COMMITTEES OF OUR BOARD OF DIRECTORS, PAGE 23

9. WE REISSUE PRIOR COMMENT 36. YOU STATE IN YOUR RESPONSE THAT THE COMPANY DOES
NOT CURRENTLY HAVE ANY EXISTING COMMITTEES, YET YOUR DISCLOSURE IN THE
PROSPECTUS STATES THAT COMMITTEES HAVE BEEN ESTABLISHED. PLEASE CLARIFY WHETHER
YOU CURRENTLY HAVE ANY EXISTING COMMITTEES AND, IF SO, DISCLOSE THE NAMES OF THE
MEMBERS OF THE COMMITTEES.

         The inconsistency between the prior response and the disclosure was an
error. As stated in the disclosure, the Company has established an Audit
Committee and an Executive Committee. The disclosure has also been revised to
include the names of the members of each such committee.

PRIOR OFFERINGS BY AFFILIATES, PAGE 39

10.      WE NOTE YOUR RESPONSE TO PRIOR COMMENT 46. PLEASE DELETE THE REFERENCE
         TO "ANTICIPATED" RETURNS OR DISTRIBUTIONS.

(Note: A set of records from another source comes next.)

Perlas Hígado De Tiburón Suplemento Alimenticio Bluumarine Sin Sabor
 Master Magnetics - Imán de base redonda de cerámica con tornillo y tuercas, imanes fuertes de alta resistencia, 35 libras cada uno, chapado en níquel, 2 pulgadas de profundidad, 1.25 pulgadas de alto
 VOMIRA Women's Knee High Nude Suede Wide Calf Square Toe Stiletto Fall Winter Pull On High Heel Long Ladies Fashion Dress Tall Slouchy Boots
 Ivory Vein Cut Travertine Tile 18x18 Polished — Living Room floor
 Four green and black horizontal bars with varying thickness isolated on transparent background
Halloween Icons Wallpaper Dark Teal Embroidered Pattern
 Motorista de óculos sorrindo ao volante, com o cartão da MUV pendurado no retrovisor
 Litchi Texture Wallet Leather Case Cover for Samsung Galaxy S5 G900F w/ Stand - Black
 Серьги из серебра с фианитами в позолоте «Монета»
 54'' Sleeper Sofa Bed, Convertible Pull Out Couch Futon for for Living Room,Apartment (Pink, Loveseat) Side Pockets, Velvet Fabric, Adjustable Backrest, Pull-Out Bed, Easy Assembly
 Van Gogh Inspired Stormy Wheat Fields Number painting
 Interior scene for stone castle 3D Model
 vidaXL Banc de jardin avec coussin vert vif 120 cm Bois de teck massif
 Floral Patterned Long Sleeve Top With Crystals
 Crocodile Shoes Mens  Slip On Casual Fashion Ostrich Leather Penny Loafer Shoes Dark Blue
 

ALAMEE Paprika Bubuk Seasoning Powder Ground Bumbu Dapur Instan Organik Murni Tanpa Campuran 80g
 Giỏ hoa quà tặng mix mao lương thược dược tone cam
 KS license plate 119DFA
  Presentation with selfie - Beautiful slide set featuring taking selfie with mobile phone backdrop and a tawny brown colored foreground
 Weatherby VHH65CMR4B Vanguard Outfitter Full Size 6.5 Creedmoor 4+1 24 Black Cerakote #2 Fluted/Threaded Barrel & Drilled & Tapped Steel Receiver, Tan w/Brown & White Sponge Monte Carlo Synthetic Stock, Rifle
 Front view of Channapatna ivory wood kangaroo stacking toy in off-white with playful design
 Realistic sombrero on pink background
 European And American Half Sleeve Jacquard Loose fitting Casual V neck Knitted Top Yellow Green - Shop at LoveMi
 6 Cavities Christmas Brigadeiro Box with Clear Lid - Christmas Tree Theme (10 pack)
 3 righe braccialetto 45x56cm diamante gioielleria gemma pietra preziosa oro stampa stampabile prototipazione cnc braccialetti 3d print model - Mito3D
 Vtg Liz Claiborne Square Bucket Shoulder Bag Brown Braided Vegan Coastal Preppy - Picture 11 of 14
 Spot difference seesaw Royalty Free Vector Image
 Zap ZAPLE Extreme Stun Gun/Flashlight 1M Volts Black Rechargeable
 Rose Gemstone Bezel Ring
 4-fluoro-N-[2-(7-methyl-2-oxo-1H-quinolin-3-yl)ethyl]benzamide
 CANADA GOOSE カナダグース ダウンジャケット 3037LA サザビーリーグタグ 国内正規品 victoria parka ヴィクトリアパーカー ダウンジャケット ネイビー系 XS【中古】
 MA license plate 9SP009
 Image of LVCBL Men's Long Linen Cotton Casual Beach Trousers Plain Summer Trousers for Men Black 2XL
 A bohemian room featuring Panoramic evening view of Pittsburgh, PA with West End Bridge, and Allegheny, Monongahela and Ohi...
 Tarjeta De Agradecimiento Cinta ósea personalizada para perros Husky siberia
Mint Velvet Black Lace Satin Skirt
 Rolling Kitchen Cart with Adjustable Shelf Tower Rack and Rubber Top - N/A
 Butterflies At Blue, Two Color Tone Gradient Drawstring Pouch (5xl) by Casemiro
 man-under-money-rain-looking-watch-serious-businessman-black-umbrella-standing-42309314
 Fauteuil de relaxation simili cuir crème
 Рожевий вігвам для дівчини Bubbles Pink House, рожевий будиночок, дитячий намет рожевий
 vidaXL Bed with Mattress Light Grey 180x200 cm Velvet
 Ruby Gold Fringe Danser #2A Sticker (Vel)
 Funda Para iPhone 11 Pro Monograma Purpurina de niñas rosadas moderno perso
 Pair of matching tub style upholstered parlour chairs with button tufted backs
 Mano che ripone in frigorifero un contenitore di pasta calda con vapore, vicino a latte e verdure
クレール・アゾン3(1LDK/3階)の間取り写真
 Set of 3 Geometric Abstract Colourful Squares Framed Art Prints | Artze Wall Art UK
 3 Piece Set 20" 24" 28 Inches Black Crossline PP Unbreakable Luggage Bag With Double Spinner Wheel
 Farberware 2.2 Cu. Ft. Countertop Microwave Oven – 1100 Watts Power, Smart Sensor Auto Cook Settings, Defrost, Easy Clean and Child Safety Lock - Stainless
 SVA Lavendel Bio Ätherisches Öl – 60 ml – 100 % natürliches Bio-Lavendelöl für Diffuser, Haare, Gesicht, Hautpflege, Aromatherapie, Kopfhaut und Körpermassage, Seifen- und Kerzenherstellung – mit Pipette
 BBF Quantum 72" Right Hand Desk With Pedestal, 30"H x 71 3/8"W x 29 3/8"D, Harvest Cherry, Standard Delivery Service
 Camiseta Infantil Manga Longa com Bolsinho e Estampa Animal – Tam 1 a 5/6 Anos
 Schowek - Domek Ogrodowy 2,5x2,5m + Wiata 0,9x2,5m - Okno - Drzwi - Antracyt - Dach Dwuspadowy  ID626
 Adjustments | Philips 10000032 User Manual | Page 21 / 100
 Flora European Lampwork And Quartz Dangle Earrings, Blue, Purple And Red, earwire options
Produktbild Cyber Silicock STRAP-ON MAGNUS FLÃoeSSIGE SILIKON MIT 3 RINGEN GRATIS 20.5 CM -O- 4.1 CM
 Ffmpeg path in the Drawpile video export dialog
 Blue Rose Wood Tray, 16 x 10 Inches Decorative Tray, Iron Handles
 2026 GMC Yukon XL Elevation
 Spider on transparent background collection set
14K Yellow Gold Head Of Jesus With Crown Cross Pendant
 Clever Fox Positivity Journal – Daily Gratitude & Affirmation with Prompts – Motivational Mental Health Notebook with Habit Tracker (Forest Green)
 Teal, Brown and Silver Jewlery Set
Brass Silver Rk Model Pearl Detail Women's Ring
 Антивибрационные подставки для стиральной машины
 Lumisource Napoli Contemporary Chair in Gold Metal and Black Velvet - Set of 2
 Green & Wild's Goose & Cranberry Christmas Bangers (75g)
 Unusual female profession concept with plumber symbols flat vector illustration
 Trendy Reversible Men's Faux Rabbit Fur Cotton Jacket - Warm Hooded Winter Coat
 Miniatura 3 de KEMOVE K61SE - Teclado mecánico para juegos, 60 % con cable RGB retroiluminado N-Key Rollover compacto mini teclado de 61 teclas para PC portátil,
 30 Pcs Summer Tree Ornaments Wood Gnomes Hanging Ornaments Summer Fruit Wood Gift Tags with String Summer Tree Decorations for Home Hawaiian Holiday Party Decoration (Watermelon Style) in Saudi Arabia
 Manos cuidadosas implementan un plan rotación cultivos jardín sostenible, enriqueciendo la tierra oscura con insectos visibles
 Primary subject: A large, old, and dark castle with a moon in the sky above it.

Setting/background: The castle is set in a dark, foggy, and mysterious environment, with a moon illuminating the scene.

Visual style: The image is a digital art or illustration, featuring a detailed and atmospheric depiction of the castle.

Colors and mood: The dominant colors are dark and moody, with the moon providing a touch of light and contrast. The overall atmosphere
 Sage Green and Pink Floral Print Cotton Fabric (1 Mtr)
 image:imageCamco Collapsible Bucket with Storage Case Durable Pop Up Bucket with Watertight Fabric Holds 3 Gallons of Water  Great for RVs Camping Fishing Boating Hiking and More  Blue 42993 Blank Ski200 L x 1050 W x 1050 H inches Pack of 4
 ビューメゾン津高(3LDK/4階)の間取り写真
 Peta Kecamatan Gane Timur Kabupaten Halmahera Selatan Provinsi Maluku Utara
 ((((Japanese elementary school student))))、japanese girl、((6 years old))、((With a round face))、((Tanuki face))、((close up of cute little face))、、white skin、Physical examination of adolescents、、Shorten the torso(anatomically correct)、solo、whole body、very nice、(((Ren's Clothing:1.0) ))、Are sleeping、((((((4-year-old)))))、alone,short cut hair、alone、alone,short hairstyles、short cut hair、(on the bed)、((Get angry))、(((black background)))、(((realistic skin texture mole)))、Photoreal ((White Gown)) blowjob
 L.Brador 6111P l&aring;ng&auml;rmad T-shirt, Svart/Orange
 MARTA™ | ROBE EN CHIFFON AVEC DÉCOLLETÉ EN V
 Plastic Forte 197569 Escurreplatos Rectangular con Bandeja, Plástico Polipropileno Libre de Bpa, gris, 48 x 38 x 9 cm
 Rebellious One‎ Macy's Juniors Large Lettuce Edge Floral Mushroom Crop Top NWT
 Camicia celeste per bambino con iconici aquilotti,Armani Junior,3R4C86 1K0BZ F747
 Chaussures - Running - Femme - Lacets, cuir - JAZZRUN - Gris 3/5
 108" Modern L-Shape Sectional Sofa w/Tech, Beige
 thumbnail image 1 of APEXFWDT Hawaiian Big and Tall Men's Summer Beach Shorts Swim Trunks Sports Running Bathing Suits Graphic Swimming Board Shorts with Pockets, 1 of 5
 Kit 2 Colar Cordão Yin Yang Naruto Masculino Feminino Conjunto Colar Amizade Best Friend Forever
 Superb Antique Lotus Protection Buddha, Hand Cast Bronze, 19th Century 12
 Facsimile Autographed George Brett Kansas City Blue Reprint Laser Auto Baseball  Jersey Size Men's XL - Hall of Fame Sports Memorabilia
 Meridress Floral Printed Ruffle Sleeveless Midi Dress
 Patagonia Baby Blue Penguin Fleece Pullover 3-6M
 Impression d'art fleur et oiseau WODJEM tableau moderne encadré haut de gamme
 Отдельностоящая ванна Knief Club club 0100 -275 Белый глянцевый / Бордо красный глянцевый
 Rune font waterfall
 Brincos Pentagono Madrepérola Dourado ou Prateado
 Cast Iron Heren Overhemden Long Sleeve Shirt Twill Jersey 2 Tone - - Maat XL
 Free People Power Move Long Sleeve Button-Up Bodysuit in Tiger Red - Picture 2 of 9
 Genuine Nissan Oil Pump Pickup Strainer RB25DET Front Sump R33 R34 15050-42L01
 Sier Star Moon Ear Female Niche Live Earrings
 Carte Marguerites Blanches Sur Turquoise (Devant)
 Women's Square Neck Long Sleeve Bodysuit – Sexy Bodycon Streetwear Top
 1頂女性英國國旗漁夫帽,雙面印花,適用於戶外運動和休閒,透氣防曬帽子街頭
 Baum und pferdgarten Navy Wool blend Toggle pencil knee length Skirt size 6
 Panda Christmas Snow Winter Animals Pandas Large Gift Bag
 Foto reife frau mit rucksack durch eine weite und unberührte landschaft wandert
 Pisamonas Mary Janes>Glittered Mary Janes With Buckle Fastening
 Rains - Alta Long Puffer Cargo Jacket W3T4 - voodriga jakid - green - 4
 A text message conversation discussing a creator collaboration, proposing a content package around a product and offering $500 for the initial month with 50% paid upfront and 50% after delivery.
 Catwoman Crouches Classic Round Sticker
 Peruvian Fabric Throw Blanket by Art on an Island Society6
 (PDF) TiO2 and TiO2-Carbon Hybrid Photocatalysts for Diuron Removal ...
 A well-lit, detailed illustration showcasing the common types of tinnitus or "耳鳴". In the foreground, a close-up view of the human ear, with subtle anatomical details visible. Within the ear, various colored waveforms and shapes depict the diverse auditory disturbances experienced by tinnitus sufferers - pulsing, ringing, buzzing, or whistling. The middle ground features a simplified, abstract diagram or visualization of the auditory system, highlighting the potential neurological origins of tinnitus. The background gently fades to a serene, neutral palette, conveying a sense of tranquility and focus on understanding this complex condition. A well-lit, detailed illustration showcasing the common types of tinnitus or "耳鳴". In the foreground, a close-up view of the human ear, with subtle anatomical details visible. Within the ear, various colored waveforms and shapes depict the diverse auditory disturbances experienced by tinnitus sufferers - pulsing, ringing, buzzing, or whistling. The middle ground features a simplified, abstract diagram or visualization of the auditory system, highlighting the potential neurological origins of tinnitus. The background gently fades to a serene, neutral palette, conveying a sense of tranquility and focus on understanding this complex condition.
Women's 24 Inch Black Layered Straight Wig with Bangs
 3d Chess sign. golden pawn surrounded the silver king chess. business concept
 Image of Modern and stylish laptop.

         As discussed above in comment 6, references to "anticipated"
distributions have been deleted from this section, and have been recharacterized
as "target" distributions, to emphasize that the 10% return is only a goal of
the fund, and not a guaranteed return.

PROPOSED SALES MATERIAL

11.      PLEASE REVISE YOUR SALES MATERIALS TO ADDRESS THE COMMENTS IN THIS
         LETTER AND OUR PRIOR LETTER DATED MARCH 9, 2006. ALSO, THE SALES
         MATERIAL CANNOT CONTAIN INFORMATION THAT IS NOT IN THE PROSPECTUS.
         PLEASE REVISE.

         Significant revisions have been made to the sales materials, both to
provide a more balanced presentation of the risks and benefits of an investment
in the fund, and to include information in the prospectus that had previously
been contained solely in the sales materials. The majority of this information
can be found in the new prospectus section entitled "Our Industry and Our
Company," beginning on page 21 of the prospectus.

12.      ITEM 19 OF INDUSTRY GUIDE 5 STATES THAT THE SALES MATERIAL SHOULD
         PRESENT A BALANCED DISCUSSION OF BOTH THE RISK AND REWARD. THUS, FOR
         EXAMPLE, WHEN YOU TALK ABOUT REINVESTMENT OF EXCESS CASH FLOW, YOU
         SHOULD ALSO DISCUSS THE RISK THAT YOU MAY NOT GENERATE EXCESS CASH FLOW
         FOR REINVESTMENT. PLEASE REVISE ALL OF THE SALES MATERIAL TO PRESENT A
         BALANCED DISCUSSION. WE MAY HAVE FURTHER COMMENTS.

         As stated above, revisions have been made throughout the sales
materials to provide a more balanced presentation. Revised materials are
enclosed with the hard copy of this letter.


Pamela A. Long
August 22, 2006
Page 5

         If you have any questions regarding the responses to the comments or
regarding the filing in general, please call me at 215-851-8158. Thank you for
your prompt attention to this matter.

                                   Sincerely,
                                   Reed Smith LLP


                                   By: /s/ Richard G. Devlin
                                      --------------------------------
                                            Richard G. Devlin
Enclosures
cc: Brigitte Lippmann, Esq.
    Kimberly A. Springsteen (w/o encl.)
    Michael B. Pollack, Esq. (w/o encl.)